And thanks also to Bill and Rob.
Kind regards,
Orlando.
PhD student Carlos Orlando Jacobo Cabral
Departamento de Farmacología, Lab.34
Centro de Investigación y de Estudios Avanzados del I. P. N.
Email: [email protected]; [email protected]
----------------------------------------------------------------------------
-----------------------------
> Date: Mon, 21 May 2012 22:12:18 +0200
> From: [email protected]
> To: [email protected]
> Subject: Re: [NMusers] VD as a fraction of another VD
>
> Carlos,
> Why? What pharmacological or physiological reason would lead you to want
> to fix the volume of a metabolite to be a fraction of the parent?
> Nick
>
> On 21/05/2012 8:19 p.m., Carlos Orlando Jacobo Cabral wrote:
> > Dear NMusers,
> >
> > Hi, I have data of a parent drug (intravenously administered) and its
> > metabolite, ¿How can I code the volume of distribution of metabolite
> > as a fraction of the central volume of parent?
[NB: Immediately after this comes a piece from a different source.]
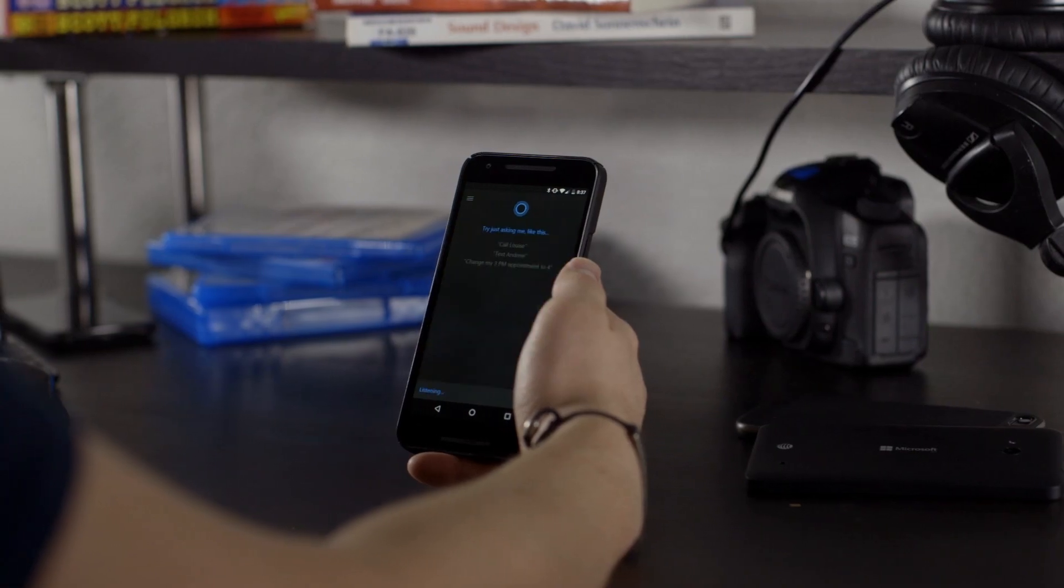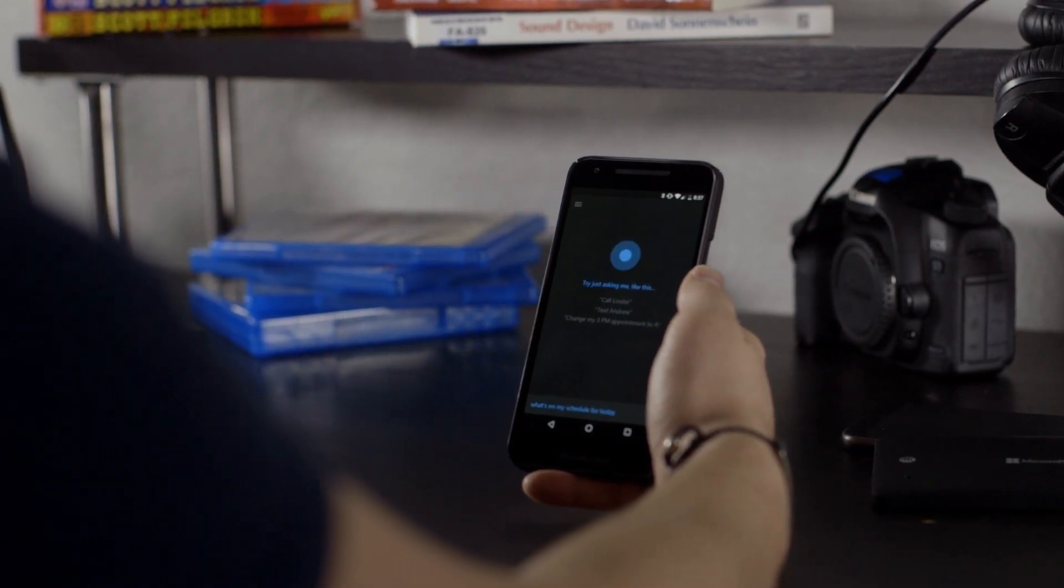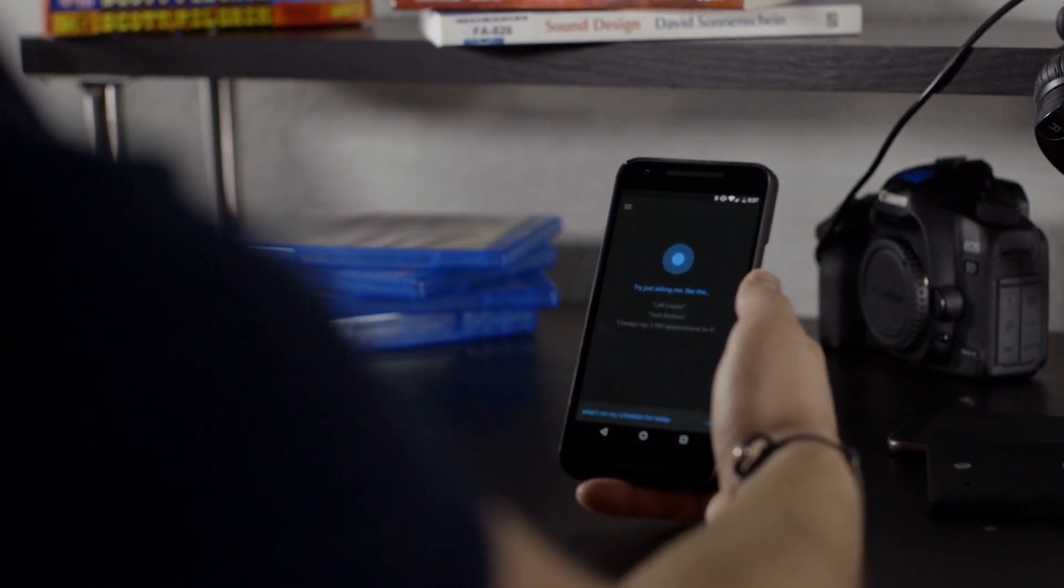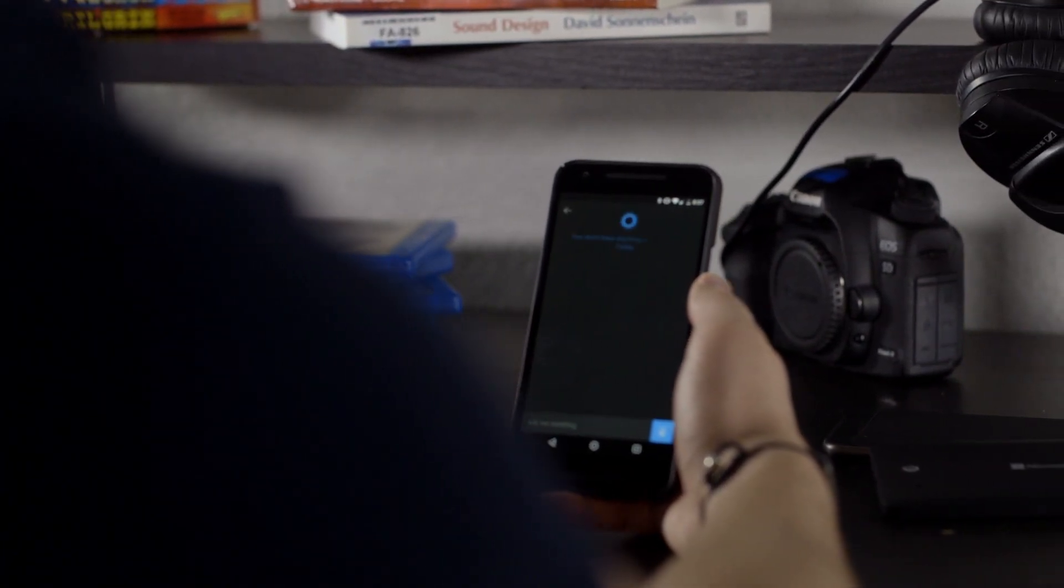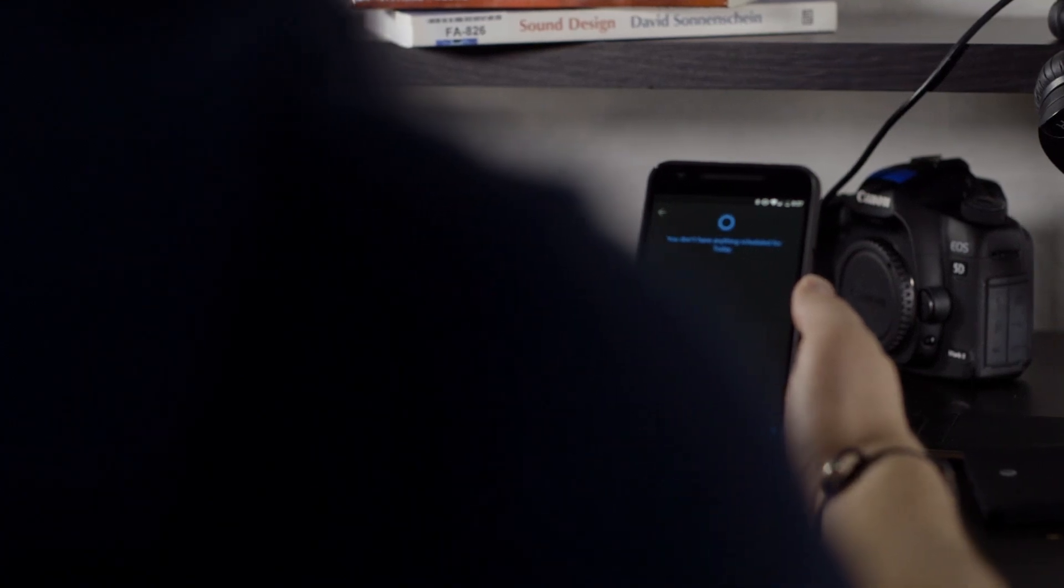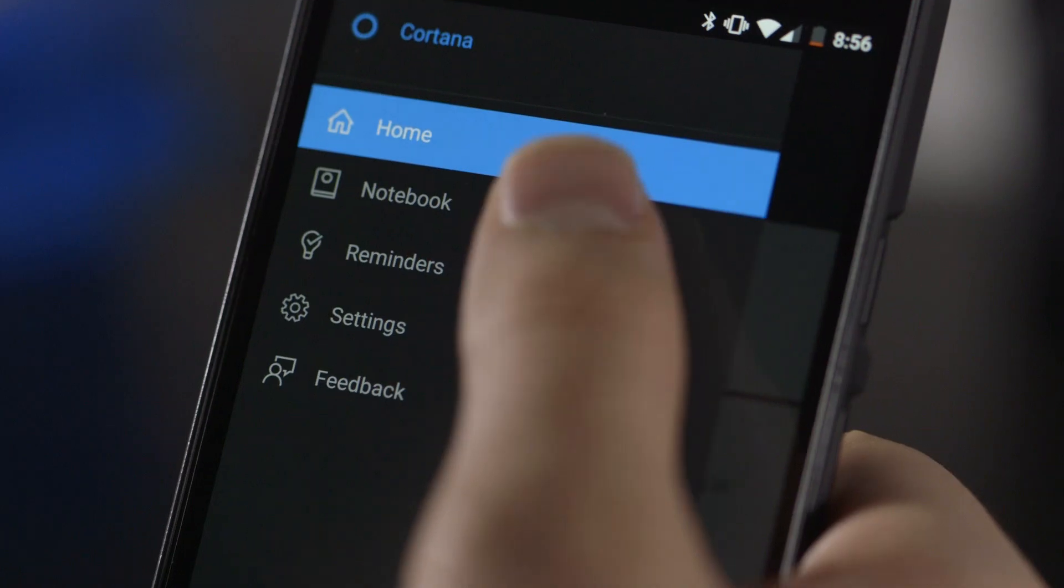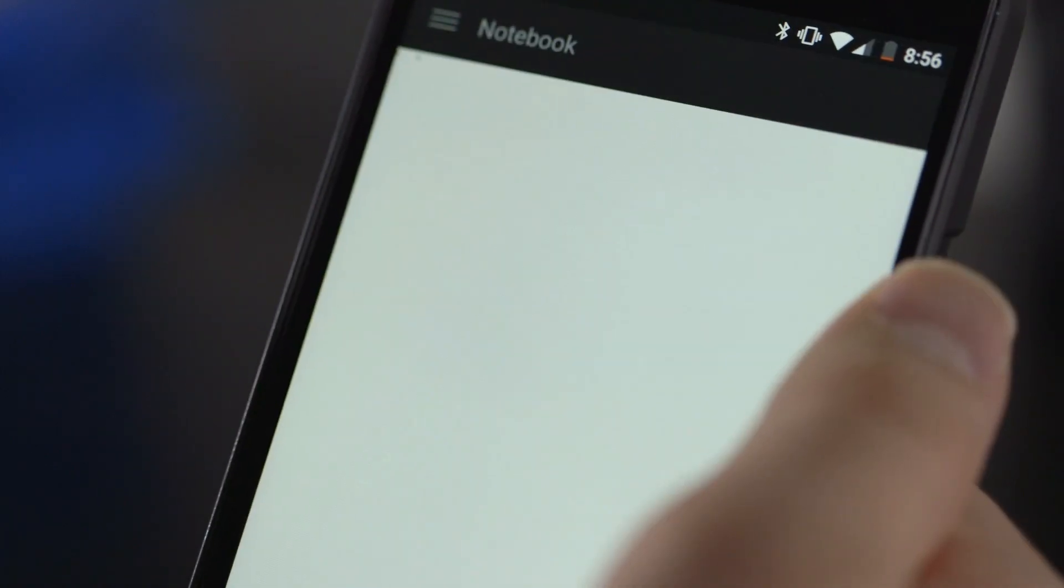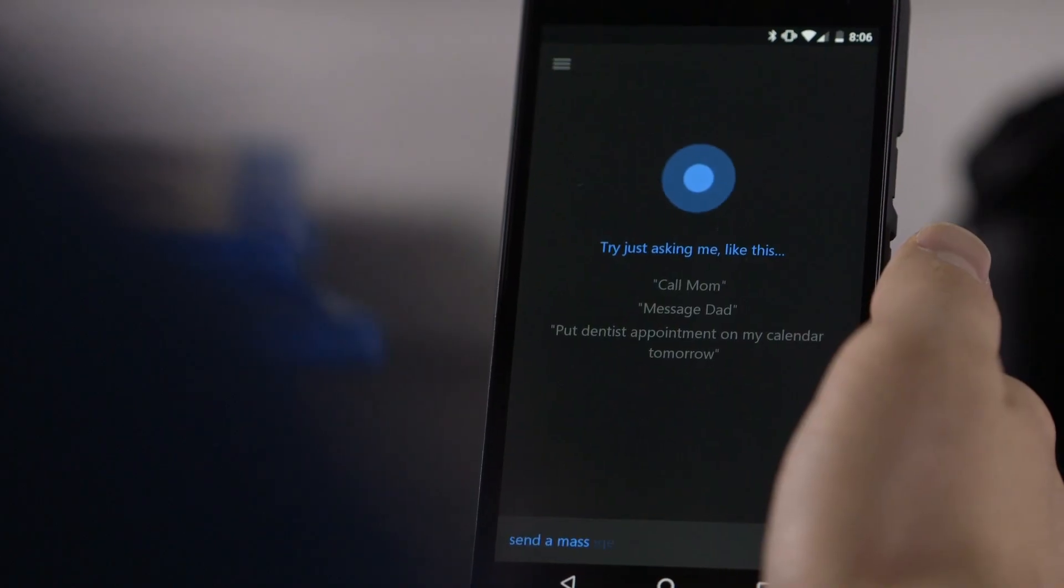Cortana is a nearly mark-for-mark recreation of the Windows virtual assistant on Android. From the familiar animations to the hamburger menu, nearly all features make the jump over from Windows. Driven by your notebook, Cortana responds to voice and text commands like you'd expect.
> > An example of the model that I want to fit is:
> >
> > $PK
> >
> > V1=THETA(1)*EXP(ETA(1)) ; Central Volume of parent
> > V2=THETA(2)*EXP(ETA(2)) ; Peripheral Volume of parent
> > Q=THETA(3) ; intercompartmental clearance
> >
> > V3= ???????????? ; Volume of metabolite as a fraction of V1 with
> > variability
> >
> > CL1=THETA(5)*EXP(ETA(4)) ; Formation clearance of metabolite
> > CL2=THETA(6)*EXP(ETA(5)) ; Elimination clearance of metabolite
> > CL0=THETA(7)*EXP(ETA(6)) ; Parent drug excretion by routes other than
> > formation of metabolite
> >
> >
> >
> > - Thank you in advance.
> >
> > Orlando.
> >
> > /P//hD //student/ Carlos Orlando Jacobo Cabral
> >
> > Departamento de Farmacología, Lab.34
> >
> > Centro de Investigación y de Estudios Avanzados del I. P. N.
> >
> > Email: [email protected] <mailto:[email protected]>;
> > [email protected] <mailto:[email protected]>
> >
>
> --
> Nick Holford, Professor Clinical Pharmacology
>
> First World Conference on Pharmacometrics, 5-7 September 2012
> Seoul, Korea http://www.go-wcop.org
>
> Dept Pharmacology& Clinical Pharmacology, Bldg 505 Room 202D
> University of Auckland,85 Park Rd,Private Bag 92019,Auckland,New Zealand
> tel:+64(9)923-6730 fax:+64(9)373-7090 mobile:+64(21)46 23 53
> email: [email protected]
> http://www.fmhs.auckland.ac.nz/sms/pharmacology/holford
>
>
>
Dear Elke
I really appreciate all your comments and suggestions which I´ll take into
account, thank you.
Kind regards,
Orlando.
PhD student Carlos Orlando Jacobo Cabral
Departamento de Farmacología, Lab.34
Centro de Investigación y de Estudios Avanzados del I. P. N.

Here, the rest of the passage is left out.